An Empirical study on model pruning and quantization
In machine learning, model compression is vital for resource-constrained Internet of Things (IoT) devices, such as unmanned aerial vehicles (UAVs) and wearable devices. Currently, there are some state-of-the-art (SOTA) compression methods, but little study is conducted to evaluate these techniques across different models and datasets.

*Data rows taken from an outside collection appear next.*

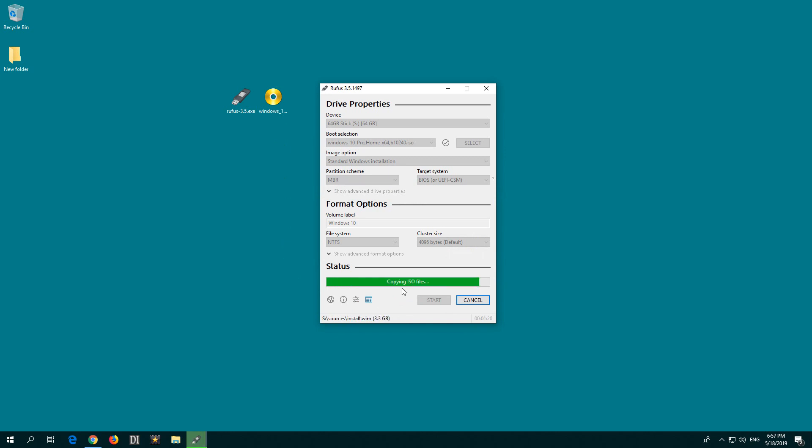It's still copying the ISO file. It's about to finish. It's finished, and you can close the program.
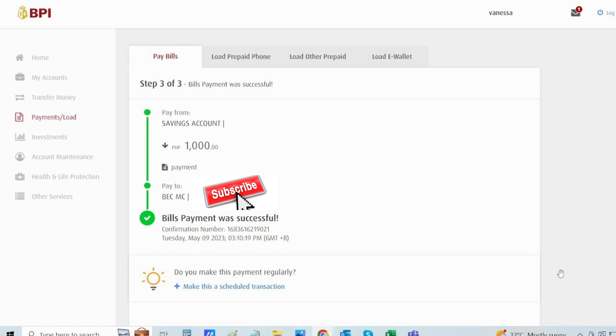That would be all. Those are the ways that you can try to maximize the features of BPI online banking. I hope you like this video. Thank you very much for watching, and I hope to see you again soon on the next session. Bye!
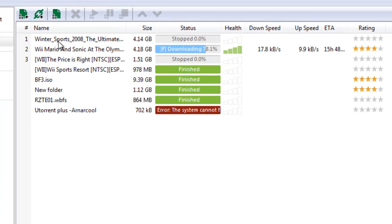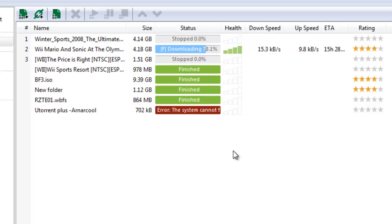So I'm just downloading Mario and Sonic at the Olympic Games. At first, because it was the beginning of the file, it said it was around a day, and then it jumped to 16 hours after a couple hours.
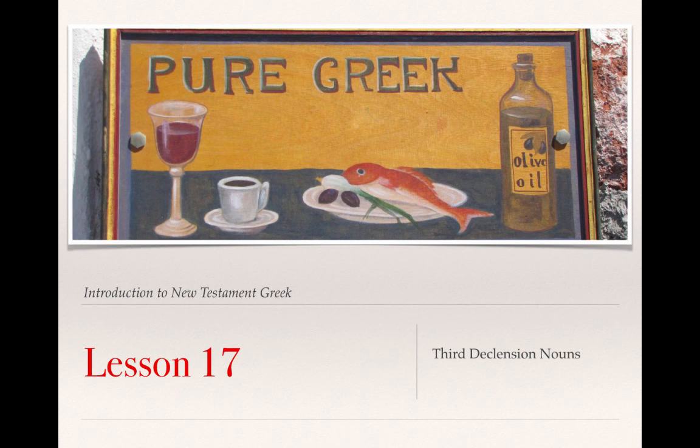That is all that we have for Lesson 17. Thank you for your attention.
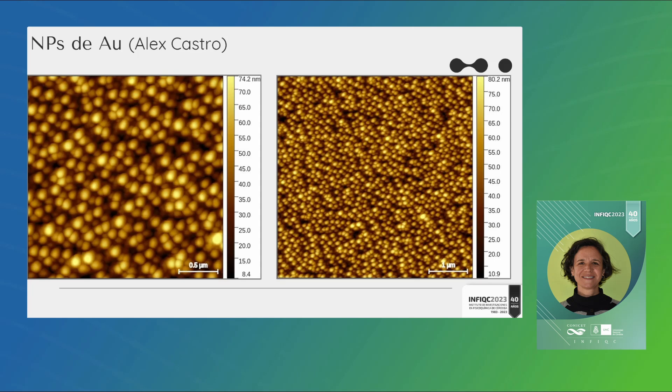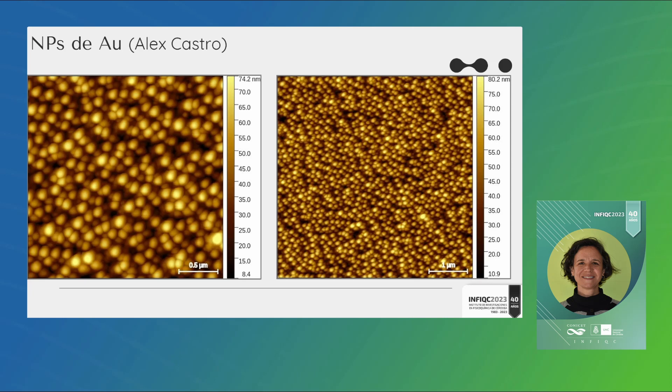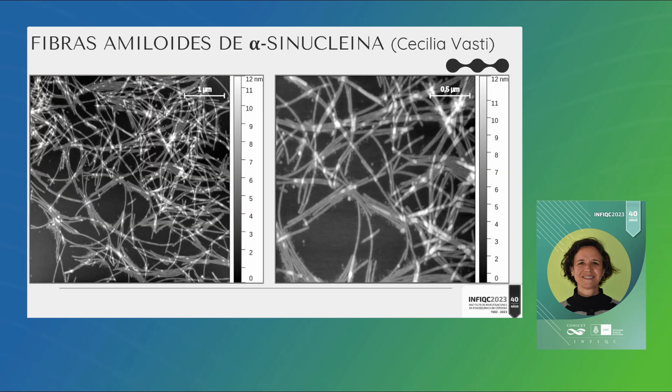Este es otro ejemplo de ahora sí partículas sobre un dado soporte. Es un ejemplo de un postdoc que estuvo en el departamento bajo la dirección de Coronado, Alex, que son nanopartículas de oro sobre mica. Es importante acá no solamente que queden adheridas y que uno no las barra, y eso tiene que ver con el tamaño de la nanopartícula también, si es más chico o más grande, si adhiere mejor o peor. También la limpieza, porque yo sé que es oro porque me dicen que son nanopartículas de oro, el AFM no distingue la química. Tengo que saber yo que esté suficientemente limpio y que eso es oro. Otra cosa interesante es que si uno quiere discernir cada una de las partículas también es importante la concentración que yo pude absorber en esa superficie.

In this paper, we present an in-depth study on two SOTA model compression methods, pruning and quantization. We apply these methods on AlexNet, ResNet18, VGG16BN and VGG19BN, with three well-known datasets, Fashion-MNIST, CIFAR-10, and UCI-HAR. Through our study, we draw the conclusion that, applying pruning and retraining could keep the performance (average less than 0.5% degrade) while reducing the model size (at 10⇥ compression rate) on spatial domain datasets (e.g. pictures); the performance on temporal domain datasets (e.g. motion sensors data) degrades more (average about 5.0% degrade); the performance of quantization is related with the pruning rate, network architecture, and clustering methods. We also conduct comparative experiments on knowledge distillation. The result indicates that more prerequisites need to be satisfied when using the knowledge distillation to achieve average performance.
Finally, we provide some interesting directions for future research.